Berdasarkan hasil penelitian Dhini, para pemangku kepentingan harus saling berinteraksi, berbagi informasi, bekerja sama dalam mengidentifikasi masalah, merumuskan solusi, dan membuat keputusan. Semua ini dengan mempertimbangkan perspektif dan kepentingan semua pihak yang terlibat. Namun, yang terjadi adalah hal tersebut belum sepenuhnya berjalan sesuai dengan konsep kolaborasi pemangku kepentingan. Padahal sama-sama memiliki tujuan untuk mencapai hasil yang saling menguntungkan dan menciptakan nilai tambah bagi semua pihak yang terlibat serta saling mendukung satu sama lain.
Apabila kolaborasi pemangku kepentingan terwujud, setidaknya akan menghasilkan beberapa manfaat. Contoh; meningkatnya pemahaman, identifikasi solusi yang lebih baik, dukungan yang lebih luas, dan mengurangi konflik. Dengan terlibat dalam proses kolaboratif, pemangku kepentingan memiliki kesempatan untuk berkomunikasi secara langsung, memahami keprihatinan dan kepentingan masing-masing, serta menemukan solusi yang dapat mengurangi potensi konflik di masa mendatang.
“Gerakan bebas sampah tidak akan memberikan makna apa pun terhadap pengelolaan sampah jika hanya terbatas pada gerakan sesaat seperti gerakan angkut sampah. Namun gerakan ini hendaknya dimaknai sebagai gerakan untuk membangun sistem pengelolaan sampah yang terpadu dan berkelanjutan,” kata Dhini saat ditemui pada awal April 2025.
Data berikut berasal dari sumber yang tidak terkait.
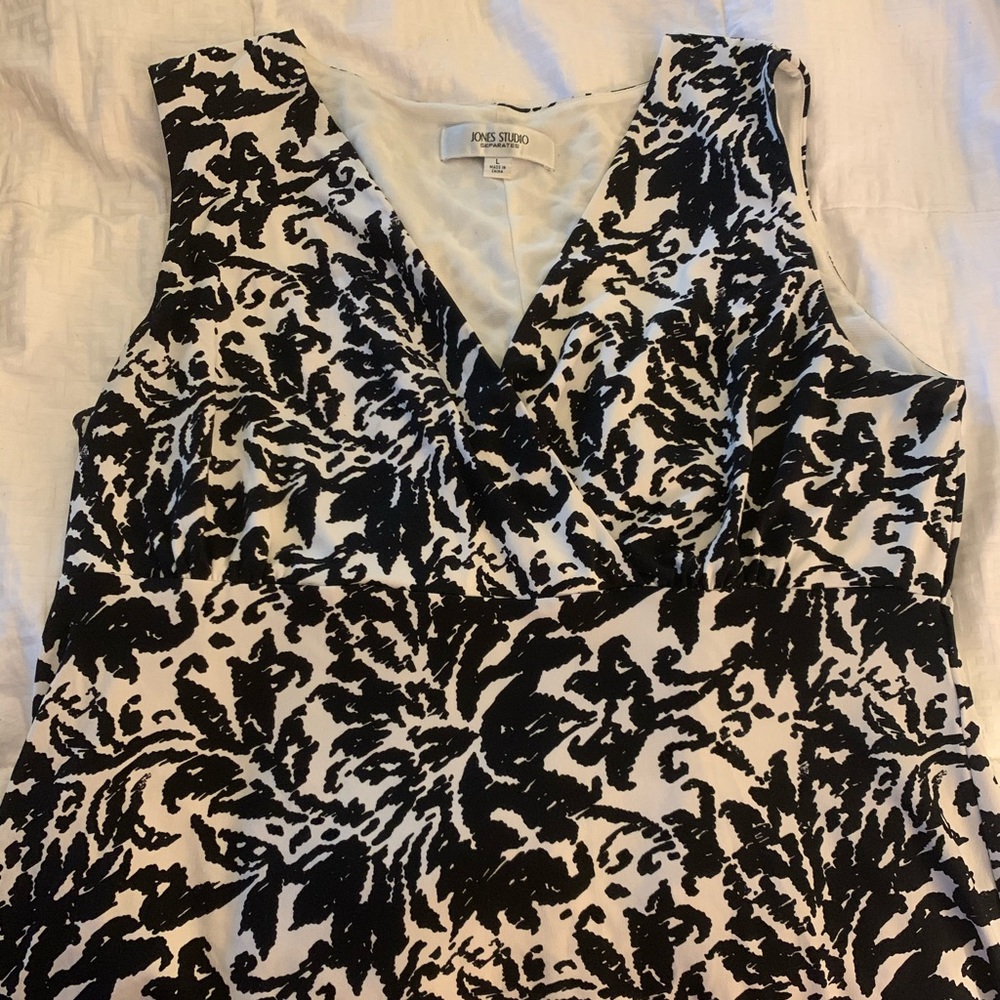 Black and white floral tank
Menurut Dhini, penyelesaian masalah sampah tidak bisa secara instan, tetapi harus memperhatikan seluruh aspek yang terkait dengan pengelolaan sampah. Antara lain; aspek regulasi, kelembagaan, operasional, finansial, dan peran serta masyarakat. Setiap kota di Indonesia pasti memiliki banyak individu dan lembaga yang peduli terhadap masalah sampah, tetapi mereka berjalan sendiri-sendiri, sehingga dampaknya tidak terasa. Oleh karena itu, butuh kerja sama dan kolaborasi antara pemangku kepentingan untuk mengatasi sampah.
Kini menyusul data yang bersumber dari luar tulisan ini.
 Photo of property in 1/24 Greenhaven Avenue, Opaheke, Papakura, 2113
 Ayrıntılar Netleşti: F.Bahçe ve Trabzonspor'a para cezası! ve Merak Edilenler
Selain itu, komunikasi lintas sektor penting untuk mendorong perubahan sistem pengelolaan sampah. Sehingga pasti berlandaskan empat prinsip yaitu; zero waste, desentralisasi, partisipasi berbasis masyarakat, dan integrasi.
Zero waste bertujuan untuk mengubah perilaku masyarakat agar menghasilkan lebih sedikit sampah. Desentralisasi adalah untuk mengubah paradigma pengelolaan sampah. Jika selama ini tersentralisasi di tempat pembuangan akhir (TPA), maka menjadi desentralisasi di tingkat kecamatan. Partisipasi atau berbasis masyarakat maksudnya mendorong masyarakat untuk melakukan pengolahan sampah dan bersifat terintegrasi artinya mewujudkan pengelolaan sampah terpadu mulai dari perencanaan sampai dengan pelaksanaan.
Dhini mengakui permasalahan sampah berbeda dengan permasalahan lingkungan hidup lainnya mengingat masyarakat selalu menghasilkan sampah setiap hari. Namun pengelolaan sampah tidak seharusnya menjadi tanggung jawab pemerintah semata, melainkan menjadi tanggung jawab para penghasil sampah itu sendiri.
“Hal ini membuktikan bahwa pengelolaan sampah bukan hanya tentang pengelolaan teknis saja. Namun yang lebih penting adalah di balik sampah terdapat banyak faktor perilaku masyarakat yang harus berubah dengan karakteristik yang sangat beragam. Tantangannya adalah mengubah paradigma atau pola pikir bahwa sampah itu bukan dibuang, tetapi dikelola,” tegasnya.
Penelitian Dhini mengambil kasus penanganan sampah di kota Bandung dengan menganalisis pola komunikasi dan kolaborasi para pemangku kepentingan persampahan di kota Bandung. Penelitian ini dengan melakukan wawancara mendalam terhadap pihak-pihak yang melakukan komunikasi lingkungan dalam penanganan sampah di kota Bandung. Sebuat saja; pemerintah kota, NGO, kelompok masyarakat penggiat lingkungan, pelaku usaha, akademisi, dan media.
Selain Dhini, tim peneliti yang terlibat di antaranya Uud Wahyudi, Herlina Agustin, dan Ute Lies Siti Khadijah. Penelitian ini sudah dipublikasikan dalam jurnal Pena Justisia Volume 24, Nomor 1, Tahun 2025, pada tanggal 13 Maret 2025 dengan judul Stakeholder Participation in Waste Management Communication.